Problem requirements: Repeat the listing below exactly. Pictures do not belong in the copy.

+ + + +

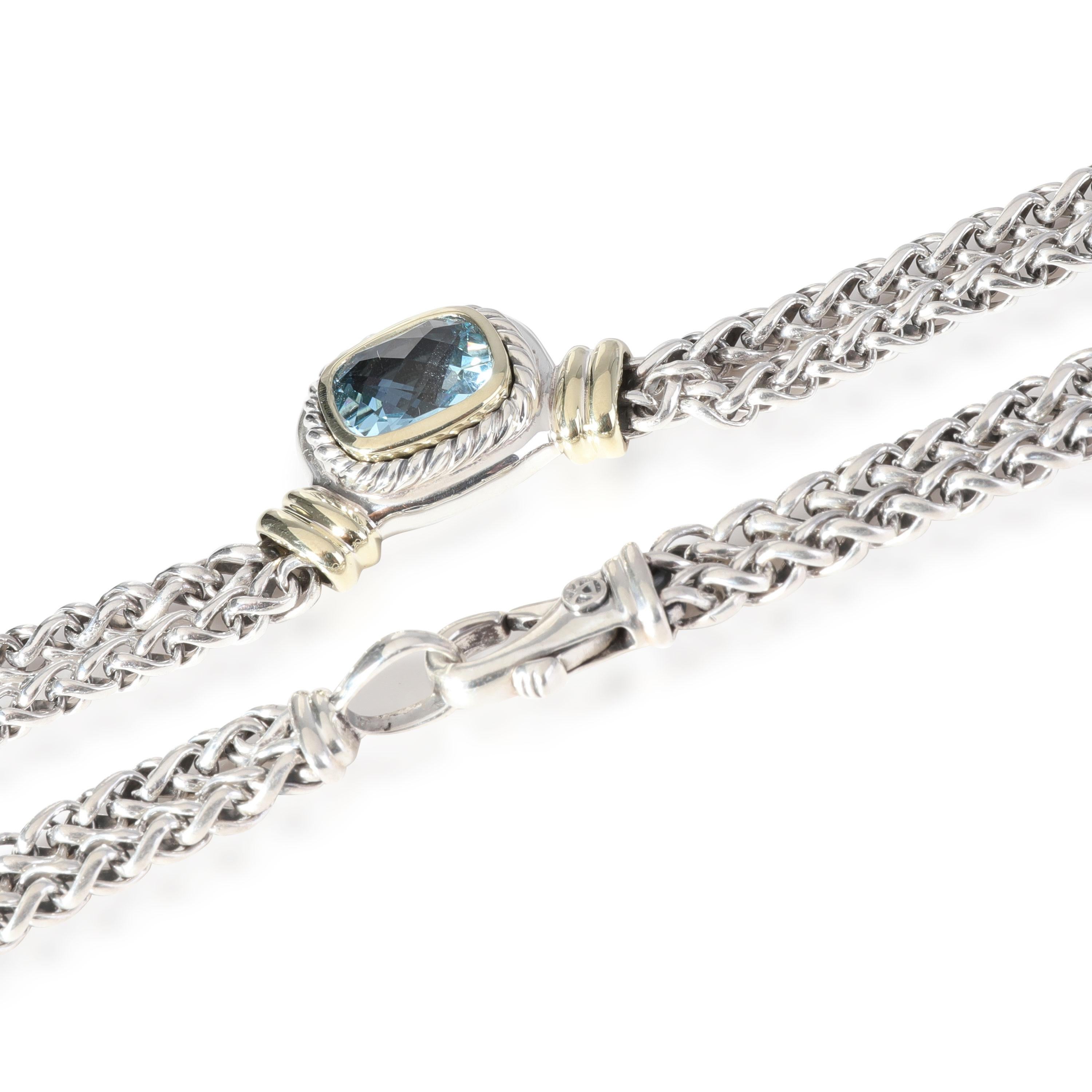 David Yurman Albion Topas Doppelstrang-Halskette in 14k Gelbgold/SS Damen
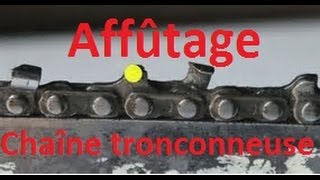 COMMENT AFFUTER SA CHAINE DE TRONCONNEUSE AFFUTAGE A LA LIME RONDE [upl. by Tiffy]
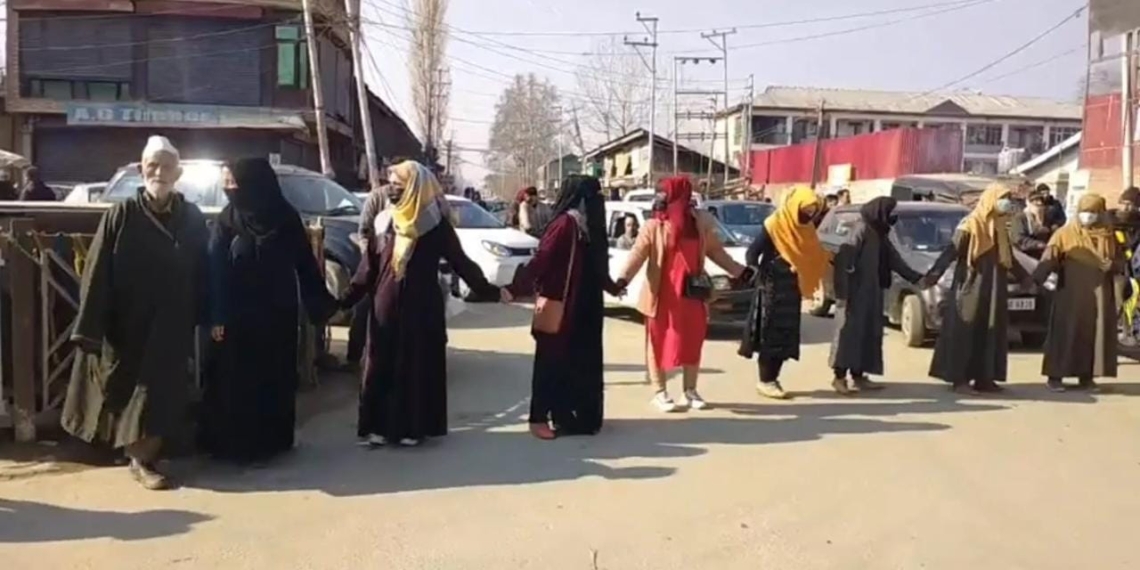 GDC Sopore students protest against ‘unfair’ evaluation by KU authorities
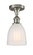 Brookfield - 1 Light - 6 inch - Brushed Satin Nickel - Semi-Flush Mount (3442|516-1C-SN-G441-LED)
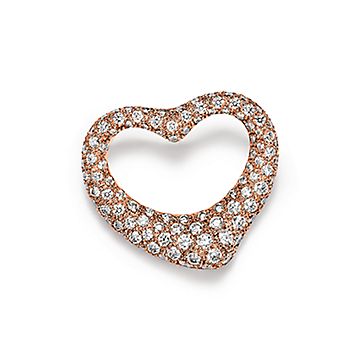 エルサ・ペレッティ™ オープン ハート ブローチ パヴェ ダイヤモンド
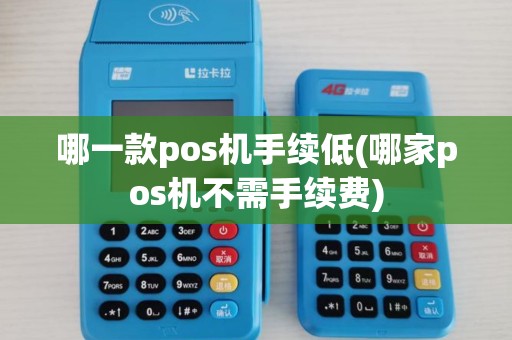 哪一款pos机手续低(哪家pos机不需手续费)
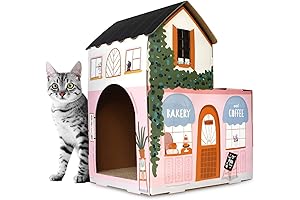 Japanese Cat House & Cat Scratcher w/ Bonus Catnip Included (ACC2036): Enhanced...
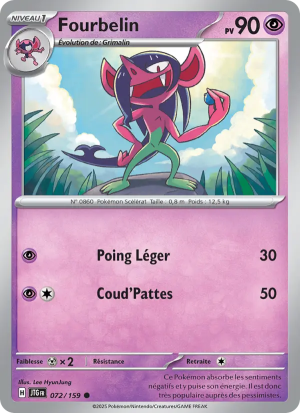 Carte Pokémon Fourbelin 072/159 – Aventures Ensemble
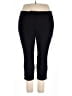 Alfani Solid Black Active Pants Size 22 - photo 1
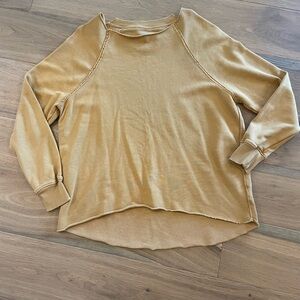 Aerie Mustard Yellow Sweatshirt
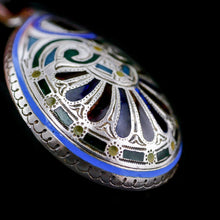 Load image into Gallery viewer, Antique Imperial Russian Solid Silver Plique a Jour Champleve Enamel Spoon - c.1890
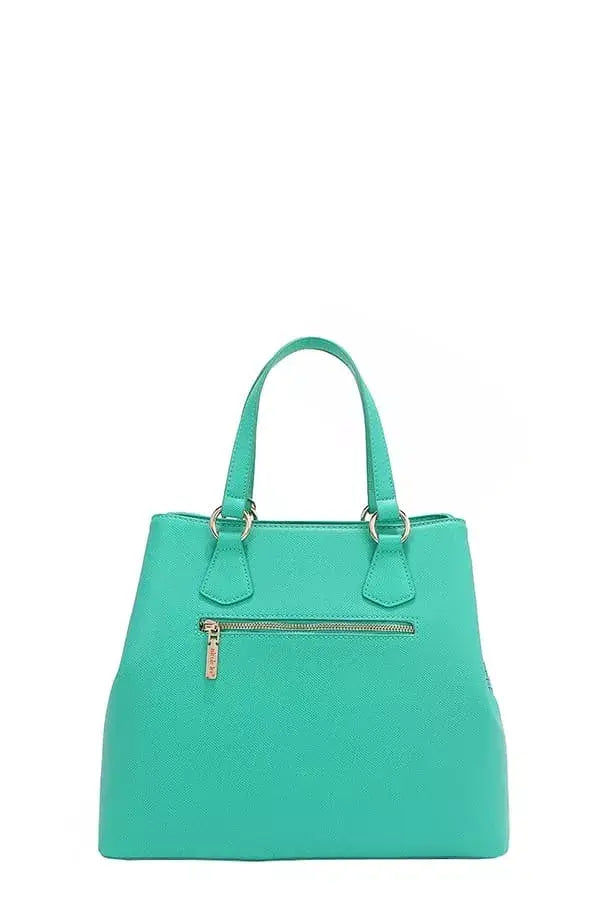 Nicole Lee USA Monogram Pattern Handbag with Rhinestones Decor - Trendsi - Flyclothing LLC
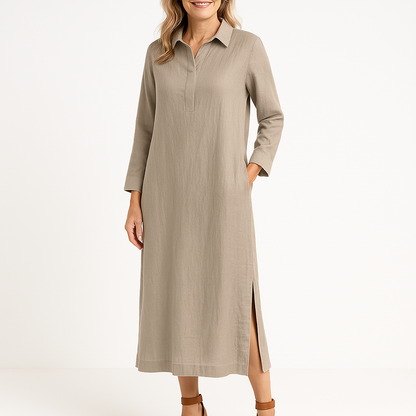 Casual Long Sleeve Midi Dress for Women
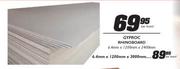 Gyproc Rhinoboard-6.4mm x 1200mm x 2400mm Per Sheet
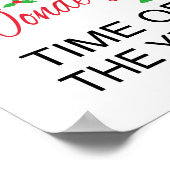 Die schönste Weihnachtszeit Poster (Ecke)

+ + + +

Solution to this exercise:
 David Yurman Albion Topas Doppelstrang-Halskette in 14k Gelbgold/SS Damen
 COMMENT AFFUTER SA CHAINE DE TRONCONNEUSE AFFUTAGE A LA LIME RONDE [upl. by Tiffy]
 GDC Sopore students protest against ‘unfair’ evaluation by KU authorities
 Brookfield - 1 Light - 6 inch - Brushed Satin Nickel - Semi-Flush Mount (3442|516-1C-SN-G441-LED)
 エルサ・ペレッティ™ オープン ハート ブローチ パヴェ ダイヤモンド
 哪一款pos机手续低(哪家pos机不需手续费)
 Japanese Cat House & Cat Scratcher w/ Bonus Catnip Included (ACC2036): Enhanced...
 Carte Pokémon Fourbelin 072/159 – Aventures Ensemble
 Alfani Solid Black Active Pants Size 22 - photo 1
 Aerie Mustard Yellow Sweatshirt
 Load image into Gallery viewer, Antique Imperial Russian Solid Silver Plique a Jour Champleve Enamel Spoon - c.1890
 Nicole Lee USA Monogram Pattern Handbag with Rhinestones Decor - Trendsi - Flyclothing LLC
 Casual Long Sleeve Midi Dress for Women
 Gyproc Rhinoboard-6.4mm x 1200mm x 2400mm Per Sheet
 Die schönste Weihnachtszeit Poster (Ecke)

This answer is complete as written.